さらに他の実施態様において、コンディショニングされた基質の注射可能な製剤の形が提供される。いくつかの実施態様において、これらの抗腫瘍性基質/抗癌性基質の注射可能な形は、癌ワクチンとしての使用に適しているように調合されてよい。コンディショニングされた異種の無細胞性膠原性材料基質の粒状の製剤の無菌製剤が、かかる生成物型のための製剤学的に認容性のキャリヤーと共に調製されてよい。
本明細書において使用される専門用語は、特定の変法又は実施態様のみを記載する目的のためであり、かつ本発明の範囲を制限することを意図しない。特に定義されない限り、技術の全ての用語、表記及び他の科学的用語又は本明細書において使用される専門用語は、本発明に属する通常の当業者によって一般に理解されるものと同様の意味を有する。いくつかの場合において、一般に理解される意味を有する用語は、本明細書において、明確さのために及び/又は容易な参照のために定義され、かつ本明細書におけるかかる定義の包含は、一般に当業者に理解される実質的な差を示すと理解される必要はない。しかしながら、否定される場合に、定義を含む特許明細書が優位である。
特に明記されない限り、成分の量、特性、例えば分子量を示す全ての数、反応条件、及び明細書及び特許請求の範囲において使用されているものは、"約"の用語によって全ての例において修飾されていると解されるべきである。従って、特に明記されない限り、明細書及び付属の特許請求の範囲において記載されている数値パラメータは、本発明によって得られるために要求される所望の特性に依存して変動してよい近似値である。最後に、及び当量の教義の適用を特許請求の範囲まで制限せずに、それぞれの数値パラメータは、少なくとも、報告された有効数字の数を考えて、及び通常の丸め技術を適用することによって解釈されるべきである。
本発明の広い範囲を記載している数値範囲及びパラメータが近似値であるにもかかわらず、特定の実施例において記載されている数値は、できるだけ正確に報告されている。
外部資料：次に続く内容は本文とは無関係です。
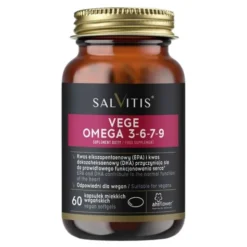 Salvitis Vege Omega 3-6-7-9, kapsułki, 60 szt.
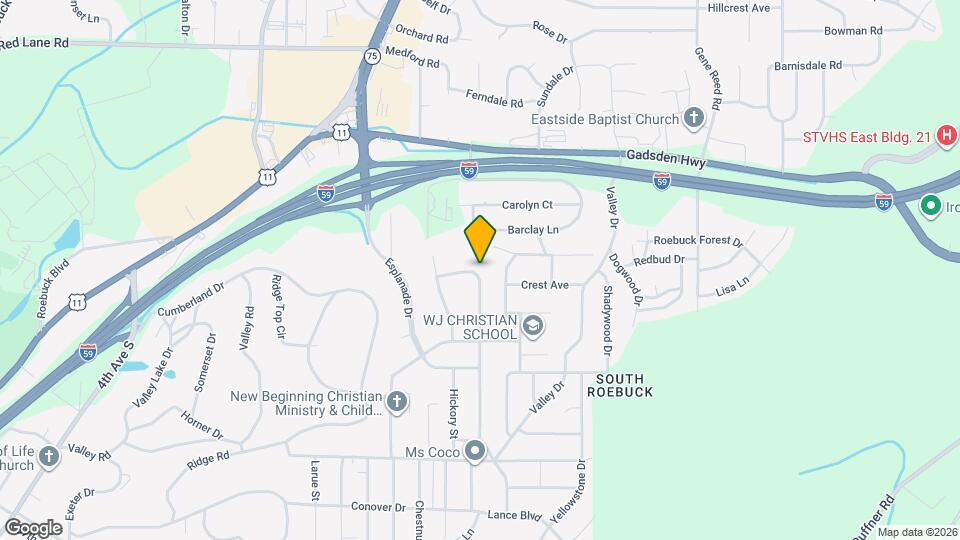 833 Elm St Map and Location Details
任意の数値範囲は、しかしながら、本質的に、必然的にそれらのそれぞれの試験測定において見出される標準偏差をもたらす一定の誤差を含む。
本発明の記載内容において(特に続く特許請求の範囲の記載ないようにおいて)使用されている"a"、"an"、"the"及び同様の指示対象は、本明細書において特に明記されない限り、又は記載内容によって明らかに否定されない限り、単数及び複数を含むと解釈されるべきである。本発明における値の範囲の詳説は、個々に、範囲内で漸減するそれぞれの別々の値に関連する略記法として提供されることが単に意図される。特に明記されない限り、それぞれの個々の値は、本明細書において記載されている明細書中に組み込まれる。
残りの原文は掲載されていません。